* **WORK INSTRUCTIONS**
Any images in the records should be skipped; transcribe the rest exactly.

[RECORDED INFORMATION]

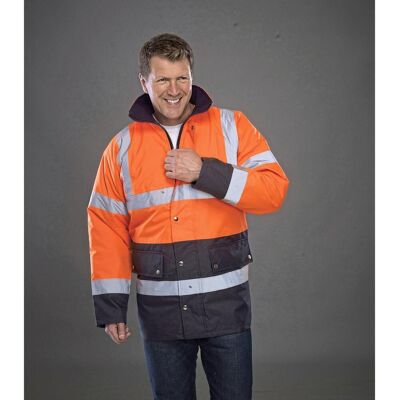Yoko Yk302 Jakker Hi-Vis Yellow / Navy L Yoko Yk302 Jakker Hi-Vis Yellow / Navy L
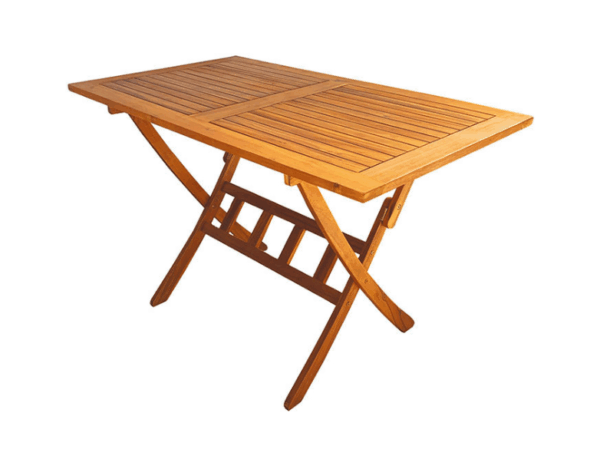 Mesa Plegable Madera Acacia 120X70 Cm. - Imagen 2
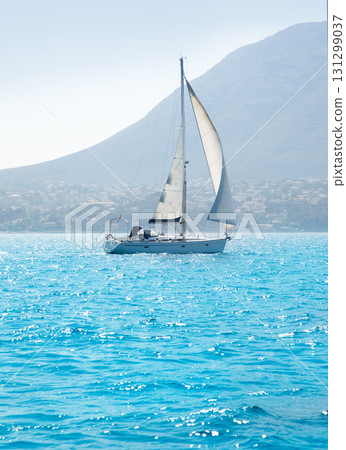 sailboats sailing in mediterranean sea sailboats sailing in mediterranean sea 131299037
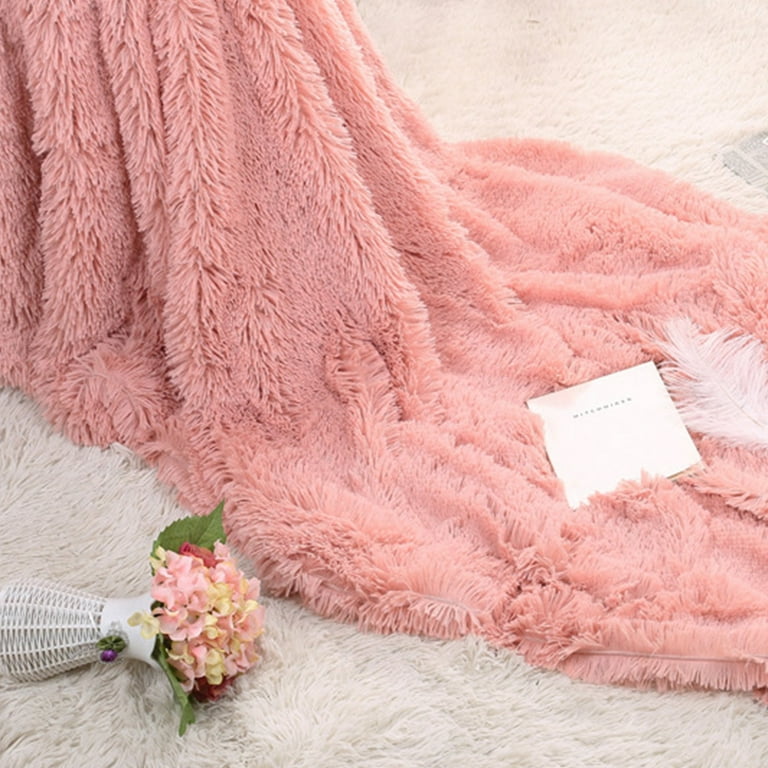 Long fur throw shop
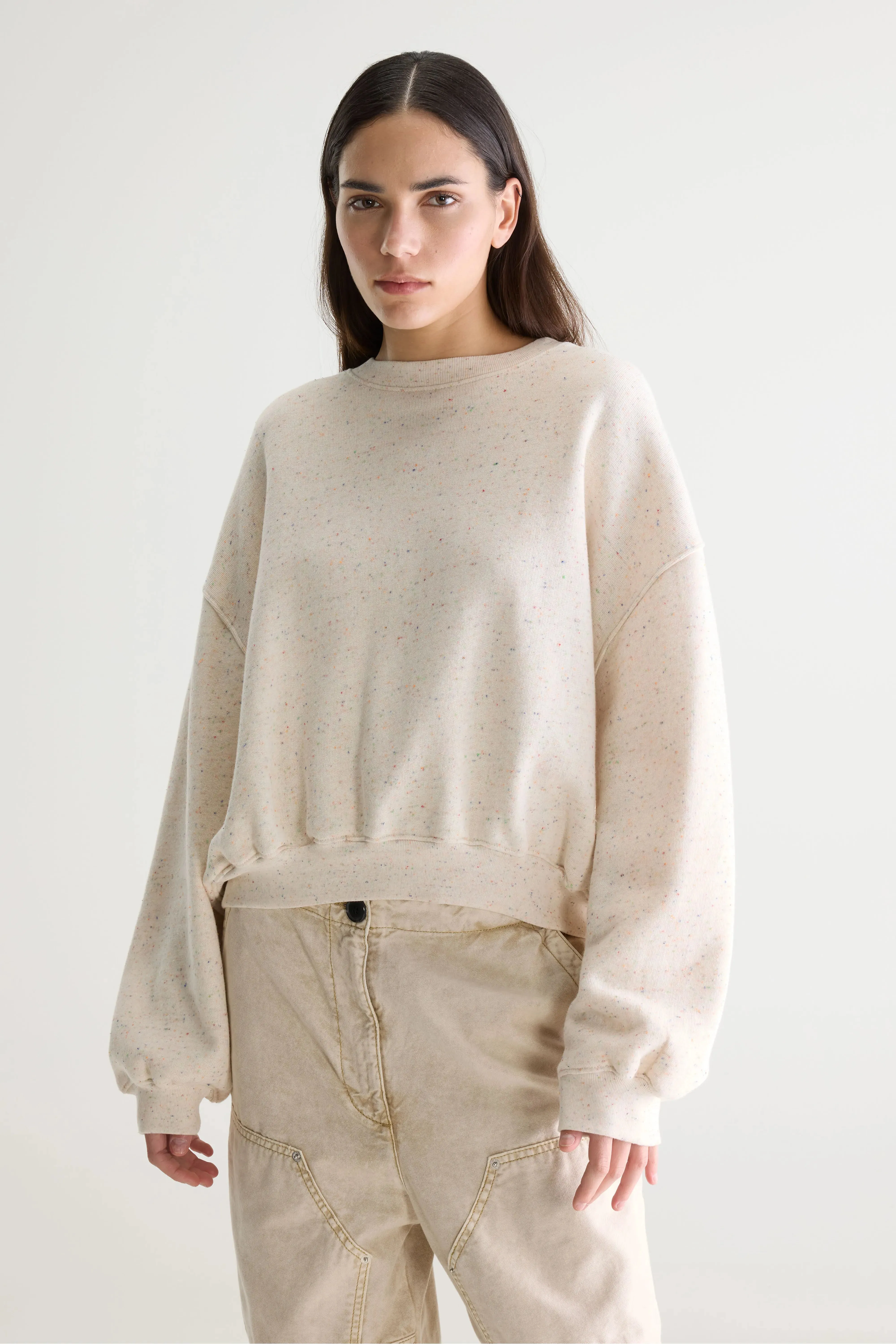 Fancy cropped crewneck sweatshirt (261 / W / COMBO C) sold by Bellerose product image thumbnail 2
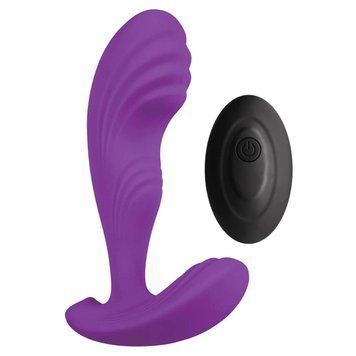 Вибромассажер простаты S Pleasures Premium Cozy, Purple, с рельефной головкой, 10 режимов 3143235019 фото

[/RECORDED INFORMATION]

* **WRITTEN SOLUTION**
Yoko Yk302 Jakker Hi-Vis Yellow / Navy L Yoko Yk302 Jakker Hi-Vis Yellow / Navy L
 Mesa Plegable Madera Acacia 120X70 Cm. - Imagen 2
 sailboats sailing in mediterranean sea sailboats sailing in mediterranean sea 131299037
 Long fur throw shop
 Fancy cropped crewneck sweatshirt (261 / W / COMBO C) sold by Bellerose product image thumbnail 2
 Вибромассажер простаты S Pleasures Premium Cozy, Purple, с рельефной головкой, 10 режимов 3143235019 фото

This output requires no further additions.